I learned Portuguese quickly. I was fortunate to be young enough to grasp a new language without much difficulty. The culture took a bit longer, but eventually I assimilated as much as possible and considered myself to be “mostly” Brazilian. I was homeschooled for many of the years between first grade and high school. My mother had a degree in education and a few years experience teaching elementary school children. During my elementary years, it was mostly just me and my brothers. For a couple school years we did school with a couple other American or international families. One year our little one-room school house (in the basement) had an English family and another year a Swedish family. Our education was all in English, using American curriculum. I believe my education was pretty similar to most American children as far as the content is concerned. My parents tried to create an educational experience that was as stable and “normal” as possible.

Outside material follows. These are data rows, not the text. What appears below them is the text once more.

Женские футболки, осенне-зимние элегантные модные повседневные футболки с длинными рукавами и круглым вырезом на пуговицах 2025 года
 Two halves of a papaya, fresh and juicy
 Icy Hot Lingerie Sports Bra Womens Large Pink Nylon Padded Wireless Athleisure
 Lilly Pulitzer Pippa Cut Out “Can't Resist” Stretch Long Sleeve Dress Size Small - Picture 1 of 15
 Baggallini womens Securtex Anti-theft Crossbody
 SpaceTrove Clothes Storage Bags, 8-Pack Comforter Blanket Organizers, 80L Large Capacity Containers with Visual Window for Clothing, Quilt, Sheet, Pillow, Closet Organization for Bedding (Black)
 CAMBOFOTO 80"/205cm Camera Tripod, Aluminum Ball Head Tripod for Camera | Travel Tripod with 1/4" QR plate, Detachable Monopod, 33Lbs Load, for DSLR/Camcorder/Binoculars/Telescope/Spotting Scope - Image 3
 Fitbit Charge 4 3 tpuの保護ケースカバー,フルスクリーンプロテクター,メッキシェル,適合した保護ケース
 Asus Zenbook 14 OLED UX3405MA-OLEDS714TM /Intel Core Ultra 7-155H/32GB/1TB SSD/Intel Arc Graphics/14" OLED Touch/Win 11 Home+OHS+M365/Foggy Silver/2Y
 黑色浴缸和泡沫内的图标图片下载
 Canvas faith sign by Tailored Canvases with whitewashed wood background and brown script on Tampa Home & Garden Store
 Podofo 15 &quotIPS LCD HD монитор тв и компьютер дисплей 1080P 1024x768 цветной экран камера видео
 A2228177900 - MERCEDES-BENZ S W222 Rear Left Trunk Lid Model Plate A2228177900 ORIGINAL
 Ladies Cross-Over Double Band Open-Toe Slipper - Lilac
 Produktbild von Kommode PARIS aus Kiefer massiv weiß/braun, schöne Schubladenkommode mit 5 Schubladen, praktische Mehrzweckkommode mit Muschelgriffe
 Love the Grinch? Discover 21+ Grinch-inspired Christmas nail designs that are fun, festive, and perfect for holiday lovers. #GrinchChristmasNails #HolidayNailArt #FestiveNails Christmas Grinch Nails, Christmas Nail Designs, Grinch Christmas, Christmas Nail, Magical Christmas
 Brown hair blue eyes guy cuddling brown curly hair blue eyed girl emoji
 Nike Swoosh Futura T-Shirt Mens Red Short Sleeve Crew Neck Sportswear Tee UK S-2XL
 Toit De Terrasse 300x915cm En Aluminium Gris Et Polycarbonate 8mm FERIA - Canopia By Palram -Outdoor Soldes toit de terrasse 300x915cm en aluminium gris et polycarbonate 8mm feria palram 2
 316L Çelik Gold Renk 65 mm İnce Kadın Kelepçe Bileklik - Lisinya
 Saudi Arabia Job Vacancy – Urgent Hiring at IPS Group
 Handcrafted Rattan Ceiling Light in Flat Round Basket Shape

My family life was excellent. My parents had high expectations from me and my brothers. They expected us to do well academically and to be obedient and respectful children. Our family was run in such a way that my parents valued input from their children. While they always made the final decisions, my opinion was important and appreciated. I am fortunate to grow up in a family that thought highly of the voices of all its members. This is a trait that I hope to carry over to my classroom. As a teacher, I will reserve the right to make the final decision, but not without considering the opinions of my students.

By the time I reached adolescence, I had come to understand that my identity was complicated. I valued my American heritage and embraced my new Brazilian culture. I felt like I was a part of two worlds. I was never completely American and not completely Brazilian. I would describe it as being ¾ American and ¾ Brazilian. As a future math teacher, I realize this doesn’t add up, but it best describes how I felt. Living in Brazil exposed me to experiences that forever marked me. I watched the self-worth of 170 million people rise and fall on the performances of their national soccer team. I saw extreme poverty, racism, and the effects of a male-dominated society. I also met some of the kindest, most genuine and most loving humans on the planet. I lived and breathed and worshiped with people who looked nothing like me and didn’t speak my native tongue and it was the best experience of my life.

In school, I had some rough times. The limitations of home school were starting to show. My mom had a much harder time teaching the 7th and 8th grades. My dad would lend a hand with science and math but it was evident that we would have to do something else for education during the high school years. I did had plenty of social interaction outside of school. Fortunately that was not an area of my life that was lacking. However, my life was about to change again.

Whenever I think of the term “boarding school” I have mixed emotions. For high school, my parents made the tough decision to send me to an American boarding school that was a 20-hour bus ride from my family. I lived in a boarding house with a few other American students from different parts of Brazil. This was a both a thrilling and terrifying experience. On one hand, I had new freedoms that came with living away from my parents, but I also lived in a very strict and structured environment. I also missed my family. During those high school years I was in a more normal school environment with more students than I had ever been. The high school had roughly 24 students who were mostly American-born. We shared many similarities and bonds from having dual cultures. This was a great time for me to finally be around a group of students with which I had so much in common. Unfortunately this all changed my junior year. My family moved back to the US during my junior year of high school. I went from a small high school of students who were very similar to me to a high school of 2000 students who had been together for a few years. I had the same skin color as most of the students, but inside I was worlds apart. I felt very insecure and had a tough year. I did make some very important friendships and that year stretched me as a person. For my senior year, I was back in Brazil and graduated from high school there.

My junior year did help prepare me for college life in America. I was more confident having seen what life was like in the US and had a much easier time fitting back in to American life. I received my undergraduate degree from Corban College in Salem. While there, I had the opportunity to study youth ministry and work for all four years with the middle school group at the church I attended. This, more than any other experience in my life, helped prepare me for teaching. Although it was a group of students with similar religious backgrounds, they were very different in their races and socioeconomic backgrounds. I learned quickly that all middle schoolers are simultaneously the same and completely different. I loved those students and developed some great relationships with them, many that remain to this day. Those students greatly influenced my desire to teach. I thank them for that.

The experiences of my life have shaped me and prepared me for the teaching profession. I know what it is like to feel different. I know what it’s like to not understand the language spoken around me. I know what it’s like to struggle to learn. I believe I can identify with many of my students and find ways to teach them that pull from the ways that I had to struggle to learn a new culture and language as a child.